Punch laughed as though Blue had made a joke. Then he tipped his peaked hat. “Good day to ye, sir. We must be going.” The men hurried with their burden out of range of the misty g
lobe of light cast by a street lamp on the corner. Blue watched them for a moment, the lad small and slight between his two burly abductors.
This happened every night, Blue told himself. As Willie said, he couldn’t save them all. It was absurd to even try.
He had no idea why he put his fingers to his lips and let out a sharp whistle, freezing the crimps in their tracks as they turned the corner toward the wharf area. He tapped the horse into a trot and caught up with them.
“How much?” he demanded.
Pisco and Punch exchanged a look. “Well, now, Doc, we’re looking at a strong youngster here, a hard worker. I imagine he’ll fetch at least eighty dollars.”
“That’s twice what you’d get, and you know it.” Blue dug in his pocket and counted out five ten-dollar gold pieces. “It’s a bird in the hand,” he said. “Take it or leave it.”
The transaction was finished in minutes. The boy lay in an unmoving heap on the floor of the open cart. For all Blue knew, he’d purchased a corpse.
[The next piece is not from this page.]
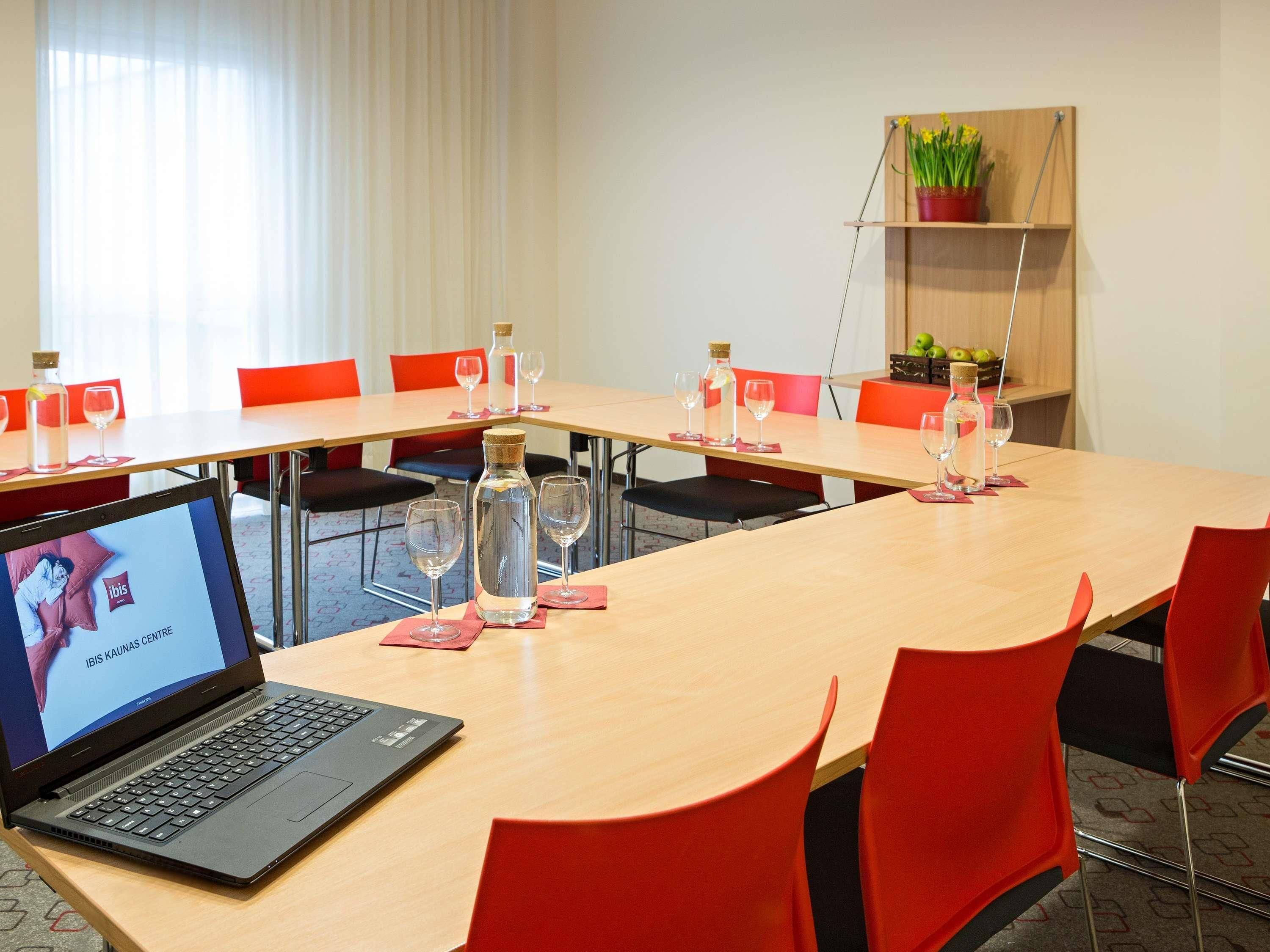 Una sala de conferències amb un ordinador portàtil, cadires vermelles, una taula llarga i una planta en maceta sobre una prestatgeria.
As he headed away from the damp and seamy waterfront area, he drove past a block of densely-packed warehouses. Even at this hour of the morning, the narrow street was jammed with drunks and thieves, laughing and fighting, disrupting traffic. Blue’s carriage creaked and sagged, and the horse was skittish for several blocks, until the waterfront lay far behind.
Morning light tracked across the bay. The first ferries of the day glided between Alameda, Oakland and the city. The chill air was softened by a fine haze that would soon yield to hard summer sun.